Most of this ‘Blame America First’ attitude is very selective in accounting for the decisions we’ve made. The Korean war didn’t turn out so badly but we don’t want to use that example. Our support for Afghanistan was not really for Bin Laden so much as Ahmad Shah Massoud. He was the rebel leader that actually pushed the Soviet troops out of Afghanistan. Our major mistake was in not supporting Massoud afterwards. Unfortunately our lack of support for Massoud after 9/11 resulted in his assassination which left Afghanistan without a strong leader and the disarray we’ve seen since.

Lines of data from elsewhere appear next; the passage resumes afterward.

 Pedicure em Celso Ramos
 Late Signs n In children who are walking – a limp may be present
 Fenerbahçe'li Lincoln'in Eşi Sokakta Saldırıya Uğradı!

It’s very easy to look back and blame America for things we did or didn’t do based on events after the fact. Especially when there is no time limit. Hell the Shah of Iran was deposed in 1979. And he was a dictator. Now we look back at the outcome and we don’t like it so who do we blame? The US, of course. If in a few years it turns out that Libya is dominated by another dictator, will we say “see the US screwed up again and is responsible for XX million deaths. Of course we will because we love to denigrate and demonize the US.

The truth is we have assisted many countries when asked. We have never taken over the country nor stolen thier resources. A point most like to ignore. I always love the argument that we went into Iraq to steal thier oil when the truth is we not only didn’t steal their oil but actually made it difficult for US companies to even compete for that oil.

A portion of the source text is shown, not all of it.